RE: [NTSysADM] DNS server settings getting changed

[Melvin Backus]

Normal configuration is set to DHCP supplied.  Confirmation both via netsh and 
visual via gui on affected machines.  I have temporarily set them to static via 
netsh to prevent the problem from stopping production while we trouble shoot it 
on some of the idle machines.

--
There are 10 kinds of people in the world...
         those who understand binary and those who don't.
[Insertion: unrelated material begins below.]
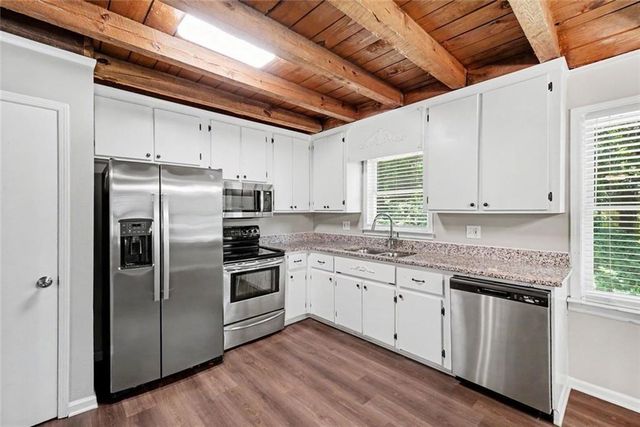 3560 Hogan Drive NW, Kennesaw, GA 30152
From: listsad...@lists.myitforum.com [mailto:listsad...@lists.myitforum.com] On 
Behalf Of Micheal Espinola Jr
Sent: Thursday, April 24, 2014 10:59 AM
To: ntsysadm
Subject: Re: [NTSysADM] DNS server settings getting changed

I still havent received Melvin's original reply, so I'm just gonna reply to 
this:
Are you saying you used netsh to add DNS servers, or you used netsh to confirm 
that the "bad" DNS servers were via added DHCP or static?

--
Espi


On Thu, Apr 24, 2014 at 7:35 AM, Andrew S. Baker 
<asbz...@gmail.com<mailto:asbz...@gmail.com>> wrote:
If static works rather than DHCP, then it might not be a Group Policy issue.  
Time to look at Kevin's suggestion.






ASB
http://XeeMe.com/AndrewBaker<http://xeeme.com/AndrewBaker>
Providing Virtual CIO Services (IT Operations & Information Security) for the 
SMB market...




On Thu, Apr 24, 2014 at 10:31 AM, Melvin Backus 
<melvin.bac...@byers.com<mailto:melvin.bac...@byers.com>> wrote:
Yep, been there.  That's actually our temp solution, make them static instead 
of dhcp.

--
There are 10 kinds of people in the world...
         those who understand binary and those who don't.

From: listsad...@lists.myitforum.com<mailto:listsad...@lists.myitforum.com> 
[mailto:listsad...@lists.myitforum.com<mailto:listsad...@lists.myitforum.com>] 
On Behalf Of Micheal Espinola Jr
Sent: Thursday, April 24, 2014 10:26 AM
To: ntsysadm
Subject: Re: [NTSysADM] DNS server settings getting changed

Have you confirmed if the DNS addresses are static or DHCP provided?  This 
netsh should help you:
netsh interface ip show dns

--
Espi


On Thu, Apr 24, 2014 at 5:26 AM, Melvin Backus 
<melvin.bac...@byers.com<mailto:melvin.bac...@byers.com>> wrote:
OK, this has been driving us nuts for a couple of days now.

One of our remote sites is seeing seemingly random PCs change their DNS server 
settings.  They're all configured to get them from the DHCP server, and it has 
the correct DNS servers.  All the PCs do in fact get the correct settings when 
they get or renew an IP.  That all seems to be working as we expect.  But 
periodically we'll see a machine change the DNS servers to something else.  
This causes applications to start failing because the hosts they need no longer 
resolve.  As soon as the PC renews it's IP, whether automatically or manually, 
everything goes back to normal and stuff works again.

We have a short term fix (force the DNS server settings manually instead of 
DHCP) but that doesn't explain what's going on, and since we're using this same 
setup in 20 offices it also begs the question of why just this office.

Background:
Multiple small offices with either /28 or /27 networks.  They are publicly 
routable IPs due to requirements for a partner VPN.  The DHCP server is on the 
Juniper SSG FW.  It servers two pools, one for PCs, another for phones.  The PC 
subnet is publicly routable, the phone subnet is a non-routable 10.x subnet 
with matching ranges.  (12.x.x.x/27 and 10.x.x.x/27).  All DNS points to the 
home office.  Until recently these pointed strictly to our domain DNS servers.  
As part of the VPN requirement we have set up a second set of DNS servers which 
are used to resolve hosts in the partner's domains.  This is done with 
conditional forwarders.  Partner DNS traffic gets resolved by their servers, 
everything else goes to our domain DNS or the Internet as required.

This all works fine except in a single office.  Even in that office it worked 
fine for weeks and has suddenly started this "revert" behavior.  When the PCs 
change, they go back to pointing to our domain DNS which can't resolve the 
partner hosts.

My question becomes (sorry it took so long) how do we track what is actually 
changing the DNS settings?  I can tell when it happens fairly easily, but 
nothing in the event logs, etc., seems to indicate what triggered it, or what 
process is doing it.  It doesn't happen as part of a DHCP operation as best we 
can tell.


--------------------
Melvin Backus | Sr. Systems Analyst | Byers Engineering Company | 
404.497.1565<tel:404.497.1565>
Service Desk | 404-497-1599<tel:404-497-1599> | http://servicedesk.byers.com
--
There are 10 kinds of people in the world...
         those who understand binary and those who don't.